「行」は何と読む?
漢字の読み方にはいろいろなものがありますが、たとえば「行」は何と読むでしょうか?
普通音読みなら「ギョウ」「コウ」、訓読みなら「い(く)」「ゆ(く)」を思い出すことと思います。
しかしそれだけはありません。割と使われるものとして、行には「アン」という音読みがあります。
今回はこの読み方をする熟語を3つご紹介します。
行脚(あんぎゃ)
行脚という言葉は割と聞いたことがある方は多いかもしれません。
行脚は色んな地方を巡り歩く事です。元々は仏教の修行で歩きまわることを指していましたが今は一般に広く使われています。

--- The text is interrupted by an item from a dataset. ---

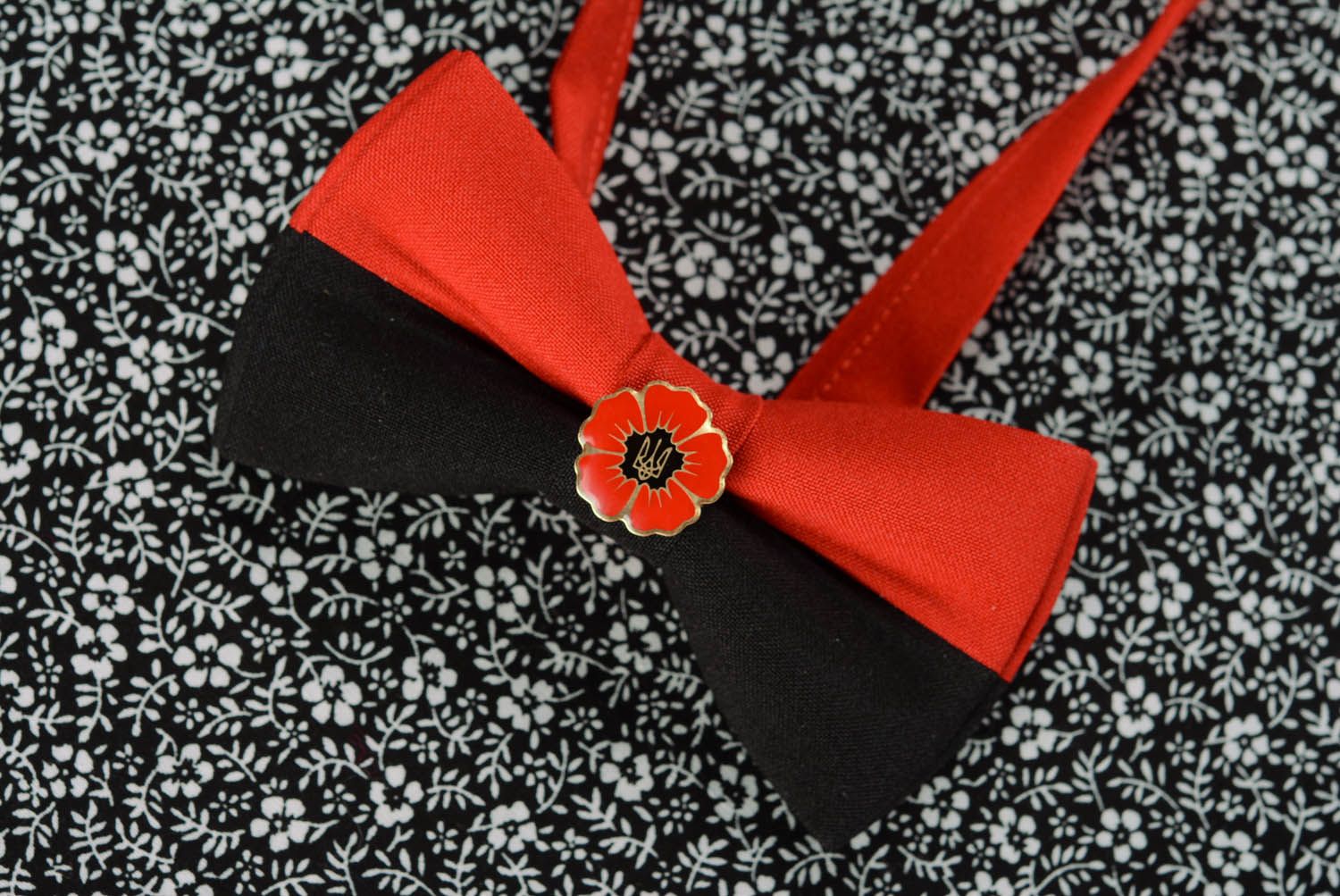 Gravata borboleta vermelha e preta feita de gabardine foto 3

「今日はいろんなデパートに買い物行脚だ」なんて言う言い方をする人もいますね。
この熟語は学校の漢字の学習やテストなどでも出題がされることがあります。
行灯(あんどん)
行灯(あんどん)はその読み方がわかると「ああ、あれか」と気づく熟語です。
行灯(あんどん)は行燈とも書き、日本に古くからある照明器具の一つです。ろうそくや油を燃料とした火を使って明るくする仕組みの物で、持ち運ぶタイプや室内に置くタイプ、壁に掛けるタイプなど色々な種類があります。
よく時代劇に登場する灯りはこれですが、この後に登場する提灯(ちょうちん)とはちょっと違います。

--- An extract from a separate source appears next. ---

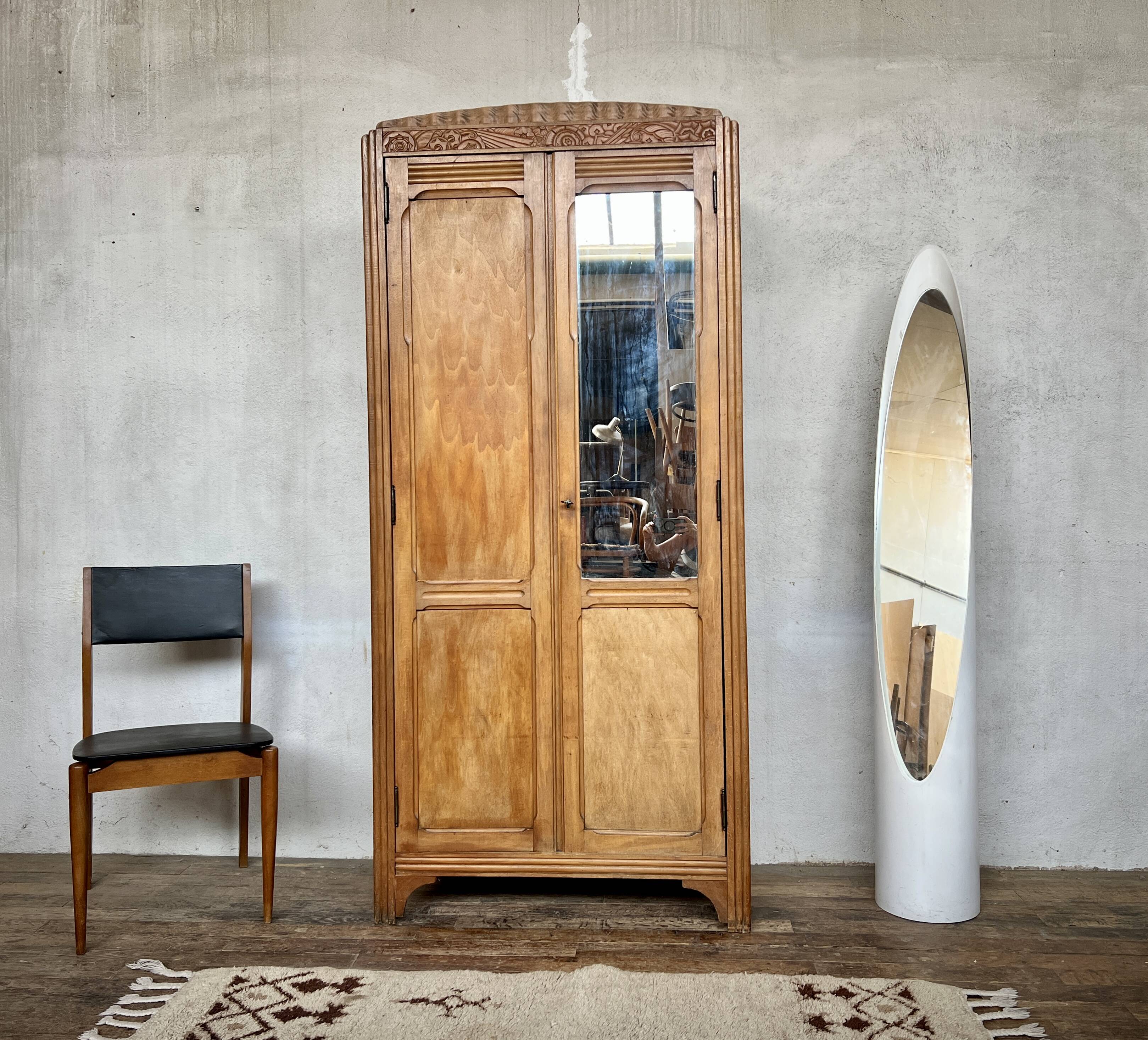 Armoire parisienne vintage Art Déco 🌟 vestiaire indus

角形の枠に紙を張って、底板に油の皿を置き、取っ手をつけた形が携行用の基本スタイルだったようですが、火災防止のためもあってか屋外は提灯にとって代わられたようです。
元々「行くときに持つ灯り」ということで行灯の漢字が使われるようになったところ、それに「あんどん」の読みが当てられたと言われています。
行宮(あんぐう)
行宮(あんぐう)はちょっと聞きなれないかもしれません。
行宮は天皇が皇居外へ行く場合(行幸・ぎょうこう)の仮の宮(仮宮)のことを言います。
天皇が外出することを行幸(ぎょうこう)と読むのに、行先は行宮(あんぐう)と呼ぶのが、漢字の読み方の難しいところですね。

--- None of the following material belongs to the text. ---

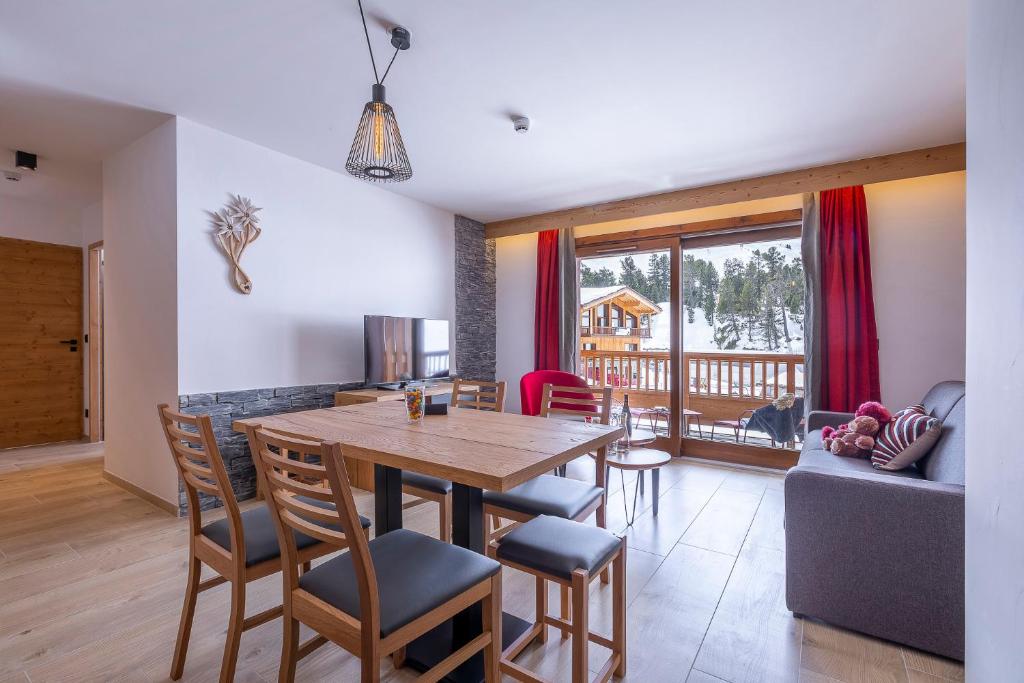 Le Hameau des Oursons appartement pied des pistes 7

天皇の所在については行在所(あんざいしょ)という言葉もあります。
いずれも少し特別な熟語ですのでなじみがないかも知れませんが、「あん」と読む場合は、このように結構あって驚きます。
漢字の読み方にはそれぞれ歴史的な背景があるため面白いです。
勉強として書き取りをカリカリやるのもいいですが、「どんな話だろう」と思って学ぶと逆にいつまでも忘れないっていうようなこともあります。
勉強をつまらなくするのも楽しくするのも自分自身なのです。
ぜひ一度そのことを考えてみてください。